Nowadays, blockchain technology is not only used for crypto currency transactions, but also plays an important role in a wide range of fields, such as evidence preservation and commodity traceability. However, many existing blockchain systems perform poorly and fail to meet the needs of the business, because smart contracts are executed sequentially. We’ve created a new blockchain system that supports the parallel execution & verification of smart contracts.

Source code:https://github.com/xuperchain/xuperunion

1. INTRODUCTION

Satoshi Nakamoto invented bitcoin in 2009[1], the first large-scale successful application of blockchain technology. In 2014, Vitalik Buterin invented Ethereum [2]. Compared with bitcoin, Ethereum supports smart contracts, allowing developers to develop applications with solidity language based on blockchain. In 2015, the Linux foundation launched Hyperledger [3], which allows developers to develop smart contracts in popular languages like Go. In Baidu, we also used Ethereum to develop blockchain applications previously, but found that its performance could not meet the needs of our business. In essence, the reason is that the smart contracts in Ethereum are all executed serially, and verified serially, that is, for a single node, only a single core of CPU is utilized. In this paper, we propose a novel blockchain data model: XuperModel. Based on XuperModel, our blockchain system XuperChain can use multi-core computing to execute and verify smart contracts.

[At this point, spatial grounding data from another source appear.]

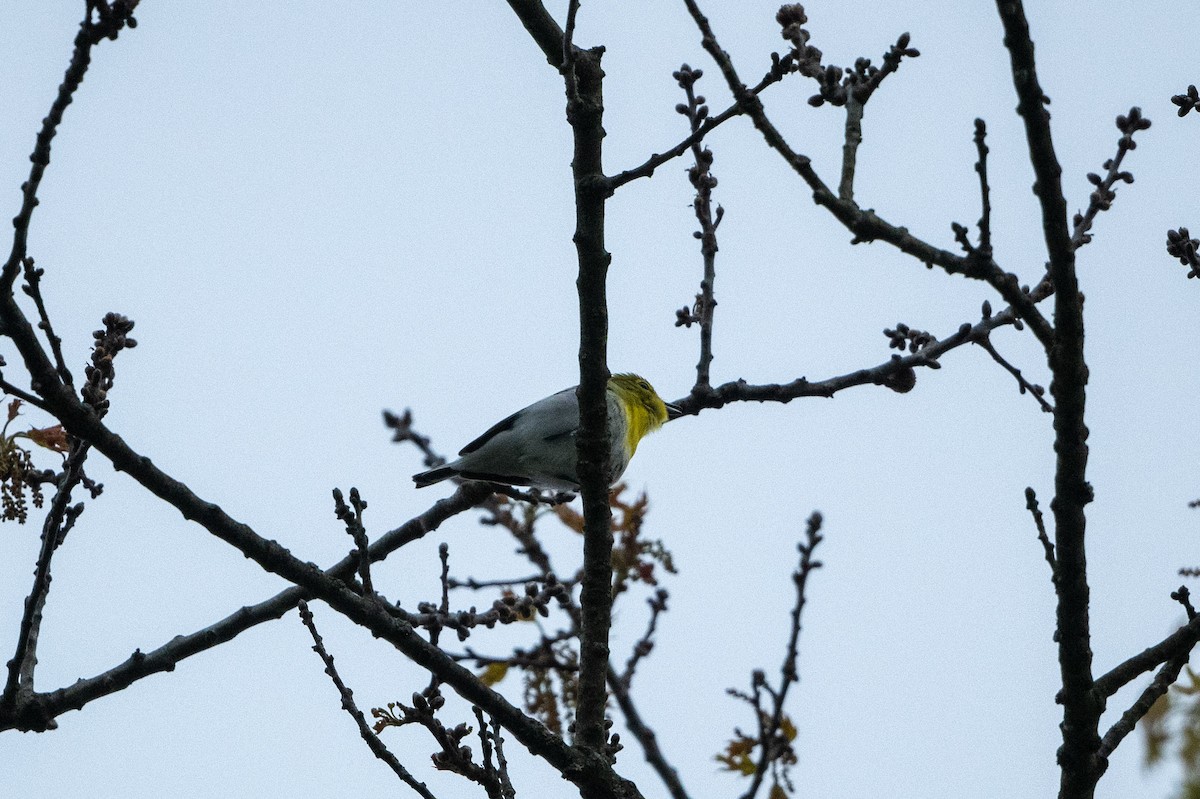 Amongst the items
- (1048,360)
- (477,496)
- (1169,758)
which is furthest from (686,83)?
(1169,758)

2. Performance problem of smart contracts

In Ethereum [2], the miners first extract an array of ordered transactions from a transaction pool, then execute the smart contracts in a series of transactions, and finally package them into a block. The verification node that receives this block also needs to execute the smart contract one by one according to the order of transactions in the block, which is the same as the order in which the miners were packaged previously, so the final state is expected to be consistent between the miner node and verification node.

Obviously, the serial execution mode of the smart contract restricts the performance improvement of the blockchain system, because the serial execution mode cannot make full use of the computing ability of multiple cores.

Hyperledger Fabric [3] proposes an approach in which the smart contract is first executed on multiple endorsement nodes in advance to obtain the read-write set and the signature of endorsement node. Then, the order node sorts the transactions and packages them up the chain. The advantage of this approach is that some of the transaction execution can be fully parallelized, but it also has some limitations: the output of the unconfirmed transaction is not immediately visible, and the read dependence of the new transaction can only be the confirmed transaction in blockchain. This makes a delay from the initiation of the contract call to the data update taking effect.

3. XuperChain make smart contract paralleled

3.1 Architecture Overview

XuperChain is mainly composed of virtual machine layer, data bridge layer and model layer. The virtual machine layer interprets the bytecode of the contract, and we currently support solidity and webassembly. The bridge layer handles system calls made in the contract code, such as Get, Put, Iterator, and so on. The model layer handles the transaction commit, rollback, and data query.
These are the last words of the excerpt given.